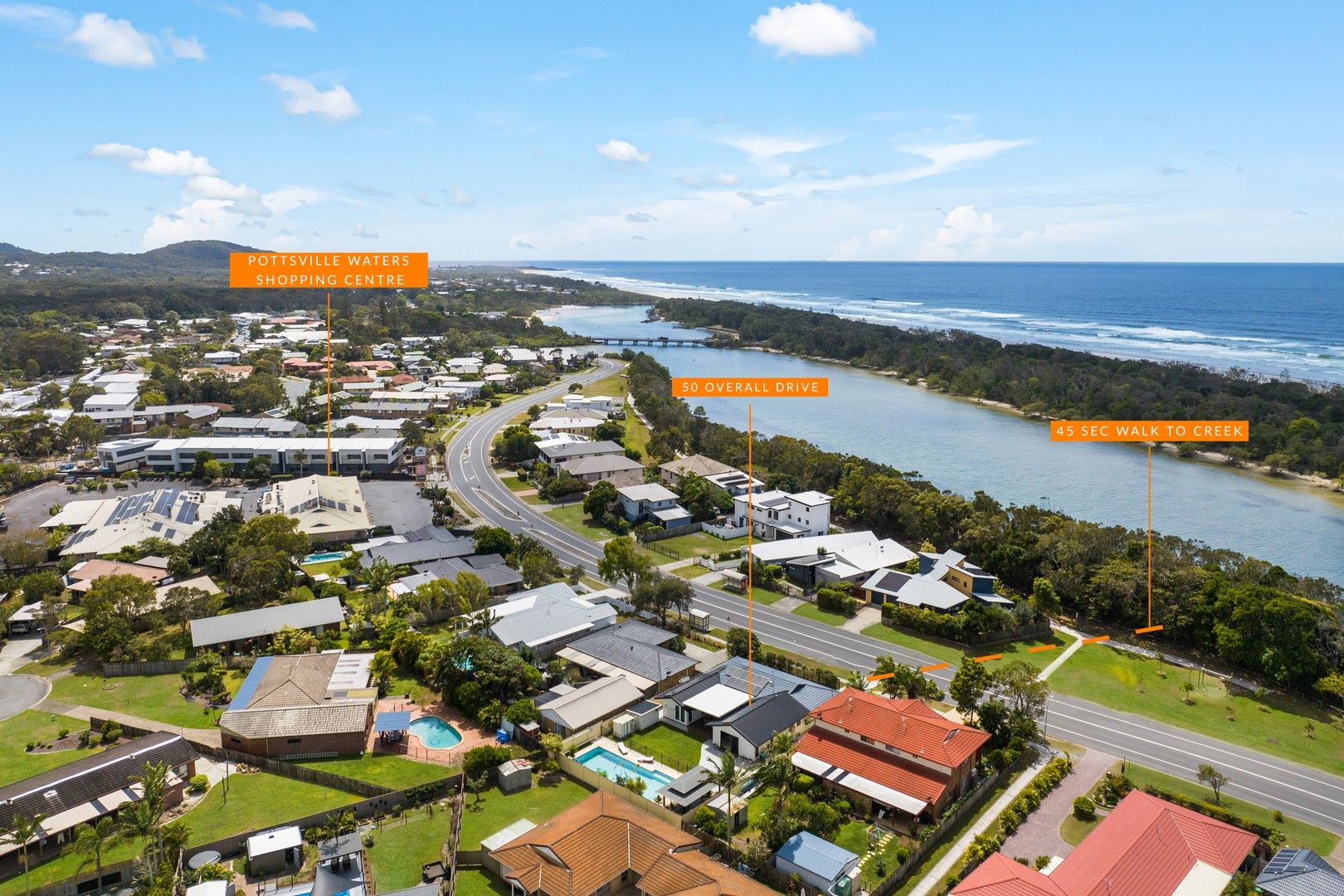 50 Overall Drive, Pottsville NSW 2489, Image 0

-.-.-

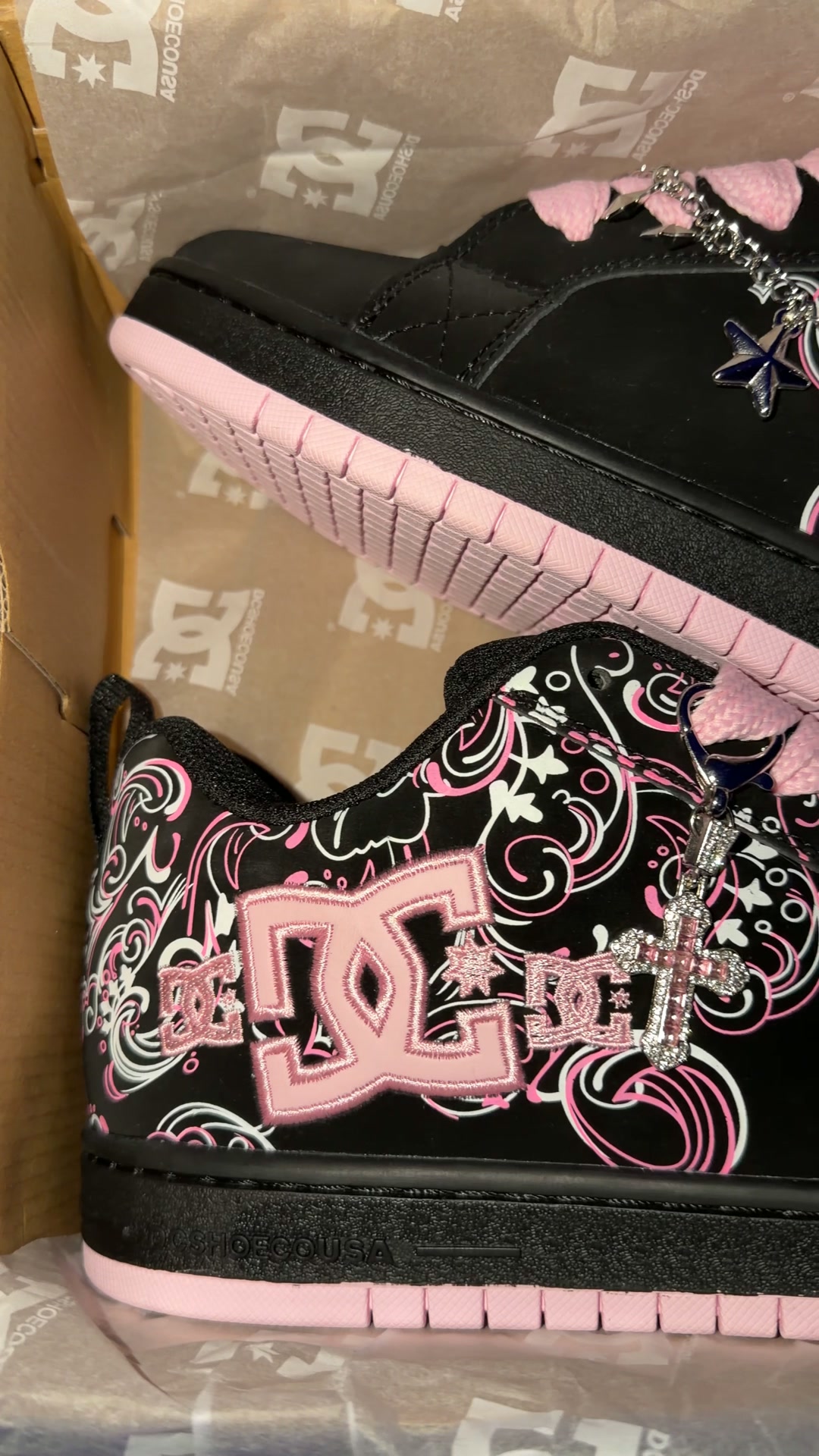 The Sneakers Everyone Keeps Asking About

-.-.-

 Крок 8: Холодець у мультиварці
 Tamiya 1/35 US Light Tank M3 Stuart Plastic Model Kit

-.-.-

Activity: Would you please repeat exactly the lines above, starting at the line with "Крок 8: Холодець у мультиварці" and stopping at the line with "Tamiya 1/35 US", both included?

Output of the task:
 Крок 8: Холодець у мультиварці
 Tamiya 1/35 US Light Tank M3 Stuart Plastic Model Kit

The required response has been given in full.